Google desmascara imagem deepfake de McConnell
O Google deu um golpe certeiro nos criadores de deepfakes. Seu sistema SynthID, projetado para detectar imagens geradas por inteligência artificial, desmascarou uma foto falsa do senador Mitch McConnell. A imagem, que mostrava McConnell em um leito de hospital coberto de tubos, viralizou nas redes sociais, mas foi rapidamente desmentida. A Snopes, famosa por verificar fatos, confirmou que a imagem tinha a marca d'água do SynthID, uma assinatura invisível que denuncia imagens geradas por IA.

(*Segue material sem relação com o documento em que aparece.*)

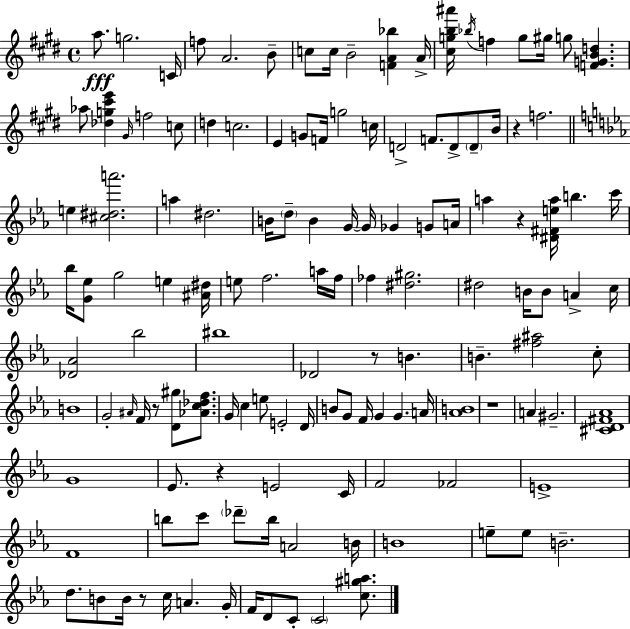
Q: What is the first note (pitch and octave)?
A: A5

A saúde de McConnell tem sido alvo de especulações desde que ele foi hospitalizado em junho. Mas, neste caso, a imagem era pura ficção. Lançado durante a conferência I/O do Google em 2025, o SynthID funciona como uma assinatura embutida na imagem. Essa assinatura é invisível para o olho humano, mas visível para os algoritmos do SynthID. E o mais interessante é que ela sobrevive mesmo quando a imagem é capturada e compartilhada em várias plataformas.
A tecnologia do SynthID é uma vitória para a luta contra deepfakes. No entanto, ela tem suas limitações. Só funciona se a ferramenta de geração de imagens participar do programa. Desde 2025, os modelos Gemini têm incluído a marca d'água. A OpenAI aderiu em maio de 2026, como parte de um esforço maior para combater a geração maliciosa de imagens. Já a Anthropic ainda não participa.
O impacto do SynthID na luta contra deepfakes
O SynthID representa um passo importante na batalha contra deepfakes, mas não é uma solução mágica. A tecnologia só é eficaz quando as ferramentas de geração de imagens colaboram. Isso significa que, enquanto algumas empresas, como a OpenAI, estão a bordo, outras, como a Anthropic, ainda não se juntaram ao movimento. Isso limita o alcance do SynthID, mas não diminui sua importância.
Os usuários podem verificar se uma imagem contém a marca d'água do SynthID pedindo a um modelo Gemini ou usando a ferramenta pública de verificação de imagens da OpenAI. Essa capacidade de verificação é crucial, pois permite que qualquer pessoa, de jornalistas a cidadãos comuns, possa identificar imagens falsas. Isso é especialmente relevante em um mundo onde a desinformação se espalha rapidamente.